For greater looseness of the compost, from time to time you should turn the mass with a pitchfork.

There are those who do not want to spend time and effort on building a compost pit, but prefer to put organic remains in one place, gradually forming a heap. Of course, this method is not the most aesthetic, but in terms of functionality, it can be quite viable if you water the pile with special EO preparations and cover it with dark material to speed up the formation of compost.

plastic containers

This option is in a single bundle with a simple compost pit and is great for people who do not want to spend extra money. A plastic container minimizes the chance of compost getting into drinking water(for example, in a well). However, in this case, you will have to regularly water the compost with preparations that accelerate the decomposition process. organic components, and besides, constantly "settle" earthworms in the container.
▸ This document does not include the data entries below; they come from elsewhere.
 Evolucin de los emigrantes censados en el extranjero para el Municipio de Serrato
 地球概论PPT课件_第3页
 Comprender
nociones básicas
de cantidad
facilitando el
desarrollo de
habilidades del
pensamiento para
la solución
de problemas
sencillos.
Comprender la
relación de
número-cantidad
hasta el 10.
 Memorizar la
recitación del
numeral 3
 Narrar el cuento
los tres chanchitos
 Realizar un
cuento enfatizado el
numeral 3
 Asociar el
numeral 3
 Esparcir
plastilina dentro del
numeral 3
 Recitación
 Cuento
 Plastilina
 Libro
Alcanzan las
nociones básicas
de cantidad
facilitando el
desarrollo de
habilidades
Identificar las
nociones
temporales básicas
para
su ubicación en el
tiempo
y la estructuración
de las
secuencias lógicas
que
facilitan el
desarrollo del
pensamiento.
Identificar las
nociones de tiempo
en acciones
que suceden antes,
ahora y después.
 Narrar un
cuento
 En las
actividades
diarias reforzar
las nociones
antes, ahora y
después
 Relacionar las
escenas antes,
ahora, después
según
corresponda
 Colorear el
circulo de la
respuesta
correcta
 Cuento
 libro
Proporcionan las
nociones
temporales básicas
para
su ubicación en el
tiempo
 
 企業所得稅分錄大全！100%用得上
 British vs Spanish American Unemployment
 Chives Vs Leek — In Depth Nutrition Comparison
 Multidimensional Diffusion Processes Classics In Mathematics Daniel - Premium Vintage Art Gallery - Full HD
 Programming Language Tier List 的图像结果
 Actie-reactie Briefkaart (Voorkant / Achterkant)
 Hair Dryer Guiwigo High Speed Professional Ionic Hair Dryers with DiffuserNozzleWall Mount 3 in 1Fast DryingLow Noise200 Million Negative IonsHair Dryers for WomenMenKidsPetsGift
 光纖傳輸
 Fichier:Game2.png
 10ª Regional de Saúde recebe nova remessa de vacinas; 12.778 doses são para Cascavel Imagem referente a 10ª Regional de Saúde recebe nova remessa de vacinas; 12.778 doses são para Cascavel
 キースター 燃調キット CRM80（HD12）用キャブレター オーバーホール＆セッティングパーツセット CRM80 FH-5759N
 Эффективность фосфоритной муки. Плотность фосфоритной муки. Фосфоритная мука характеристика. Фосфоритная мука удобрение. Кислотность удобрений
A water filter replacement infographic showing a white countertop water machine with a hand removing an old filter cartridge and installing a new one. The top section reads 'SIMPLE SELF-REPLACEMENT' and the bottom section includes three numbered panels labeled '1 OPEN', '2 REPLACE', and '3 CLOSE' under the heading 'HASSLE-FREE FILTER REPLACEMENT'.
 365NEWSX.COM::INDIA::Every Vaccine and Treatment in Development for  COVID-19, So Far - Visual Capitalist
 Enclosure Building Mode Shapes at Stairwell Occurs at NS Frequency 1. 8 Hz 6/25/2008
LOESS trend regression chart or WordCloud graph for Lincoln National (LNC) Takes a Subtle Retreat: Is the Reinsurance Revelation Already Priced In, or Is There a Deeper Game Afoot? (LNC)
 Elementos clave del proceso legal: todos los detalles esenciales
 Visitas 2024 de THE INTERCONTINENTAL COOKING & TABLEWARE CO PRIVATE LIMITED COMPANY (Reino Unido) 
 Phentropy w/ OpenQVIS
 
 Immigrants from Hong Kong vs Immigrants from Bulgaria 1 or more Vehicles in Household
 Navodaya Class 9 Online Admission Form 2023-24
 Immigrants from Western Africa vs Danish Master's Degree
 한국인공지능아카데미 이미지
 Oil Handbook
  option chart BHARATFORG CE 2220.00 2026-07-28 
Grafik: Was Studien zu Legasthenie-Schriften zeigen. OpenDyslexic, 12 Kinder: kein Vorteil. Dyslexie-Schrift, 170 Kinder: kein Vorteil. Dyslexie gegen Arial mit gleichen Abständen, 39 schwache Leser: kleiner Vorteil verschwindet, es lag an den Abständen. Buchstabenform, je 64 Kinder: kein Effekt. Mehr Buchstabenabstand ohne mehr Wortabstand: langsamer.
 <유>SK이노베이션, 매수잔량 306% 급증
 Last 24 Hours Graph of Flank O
Some summer residents equip compost heaps as follows: they simply put on the ground a large polyethylene film, and organic residues are dumped on it. They explain the use of the film by the fact that with it the useful elements of the compost will not be washed out. In fact, these compost heaps are the worst. Compost isolated from the ground rots much more slowly, moisture from it evaporates too quickly.

Whatever type of compost pit you decide to build, you can be sure that you are doing an exceptionally useful thing for your site. Plus, having equipped a compost pit, you can no longer worry about where to put food leftovers, which is especially convenient if you live in the country all the time.